Figure 3 shows the most common structure for SOC and NOC Leadership, which will be explained in detail in the following paragraphs:

Figure 3 — NOC and SOC leadership view.

As explained in the NOC module, each NOC group is usually supervised by a manager who delivers guidance to the entire team and serves as the point of contact (POC) for all the requirements or escalations towards that team. The SOC main POC is the SOC manager who is usually in charge of all the SOC structure, including the customer care, SOC tier 1 and service support tier 2 teams. For large-sized operators, the customer care team may have a direct manager supervising all the team’s activities. The entire team is supervised by a NOC/SOC Head, who acts as the ultimate responsible for the NOC and SOC operations.

Team/shift leaders are regularly set as part of the structure (having at least one team leader per shift). These people are trained engineers whose expertise and process knowledge, supported by leadership empowerment, enables them to make controlled operative decisions during their shift in absence of the team manager. Shift leaders usually respond to the acting incident manager on duty, who is the highest-ranking officer for any operative decision, regardless of the network or service nature it may arise from.

The NOC/SOC team configuration is further discussed in Section 6, in which the model to be implemented and the team design and dimensioning are presented.

4. SOC Processes

This section provides an examination of the core processes followed by the SOC and their interactions with the NOC including E2E process flows, key elements, roles and responsibilities and the most common metrics used to measure each process success. Guidance for the NaaS operator SOC processes customization is provided throughout the section.
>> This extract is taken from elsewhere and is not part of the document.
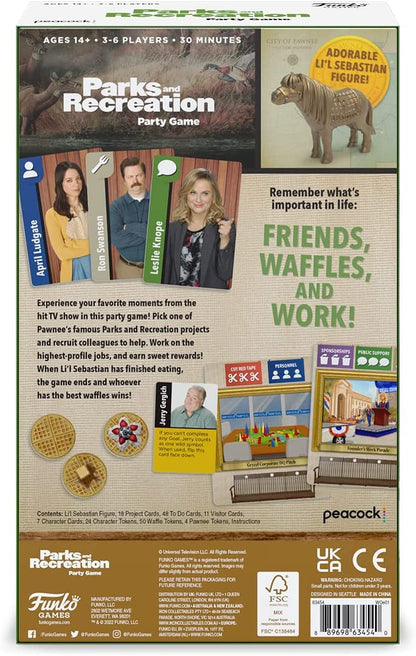 Funko Parks & Rec. Partegy Game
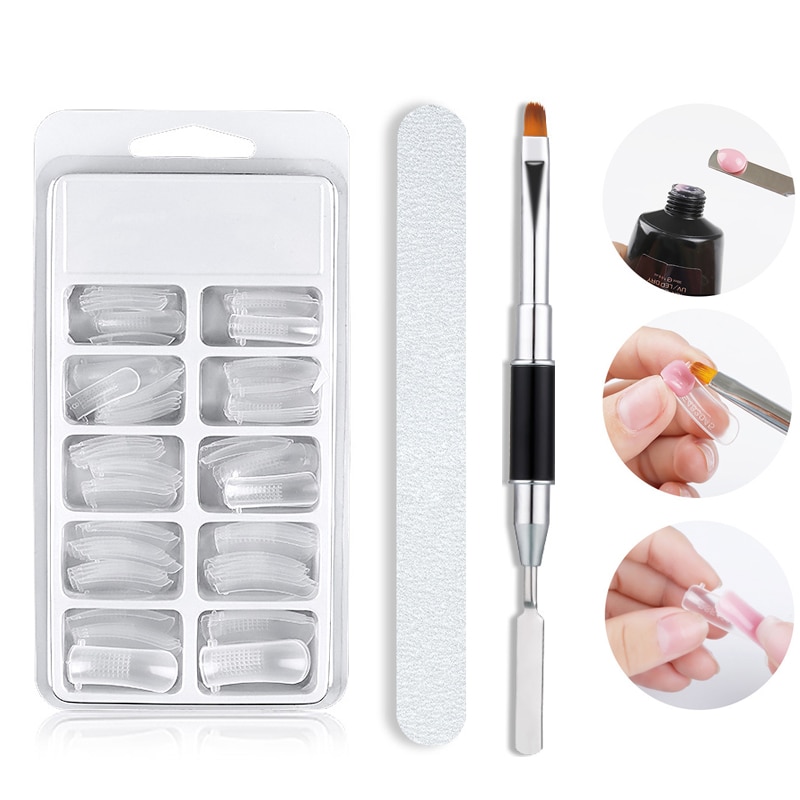 Poly Nagel Gel Kit Mit UV Lampe Für Verlängerung Set Maniküre Acryl Hybrid UV Gel Polnischen Kunst Lack Set Schnell builder Permanant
4.1 SOC Processes Analysis

In the following sections, the processes executed at the SOC are presented including the rationale, common KPIs, and roles associated with each process.

4.1.1 Service Event Management

Similar to the network event management process performed by the NOC (see NOC Module), the SOC implements a service event management process in coordination with the NOC. Figure 4 presents the high-level, E2E process flow for service event management which is also provided as a template for NaaS operator customization. The green dots on the left indicate input triggers to the process and the red dots are end points of the process.

Figure 4 — Service event management high-level flowchart

Below, the process is described in detail:

Input triggers can come in the form of a service degradation event or a customer care ticket. The alert from a service degradation event will be used for reference. This condition is alerted via a network performance management tool or a service quality management tool. At this stage, the degradation is visible in one of the tools mentioned earlier for service monitoring tier 1 engineers.
The engineer then verifies if the degradation can be correlated to a network event. In this phase the service monitoring engineer checks with the NOC FM tier 1 engineer for a possible relationship between the detected degradation and a generated alarm or event in the network, as well as to verify other activities such as preventative maintenance, network change implementation, and rollout activities. If the degradation is related to a network event, then the NOC event management process will take over and may move onto the next process, NOC incident management which is analyzed in the NOC Module. It is important to note that this process could be automated using the right service desk management and service quality management tools, reducing the workload of NOC resources.
If the degradation is not related to a network event, the engineer moves on to the next process step: ‘assess impact to the end user.’ In this step, the engineer verifies what the actual impact to end users is in order to communicate it to them before complaints are received. The impact could also be estimated automatically through a service quality management tool. See section 5 for further guidance.
In ‘correlate incident,’ the engineer searches active incidents to correlate the event with any similar ongoing events already recorded in incident tickets. If the event is correlated, the engineer updates the incident ticket with the scenario that was just correlated.
If no correlation to another ongoing incident, service monitoring triggers ‘incident ticket creation’ which leads to the SOC incident management process discussed in section 4.1.2.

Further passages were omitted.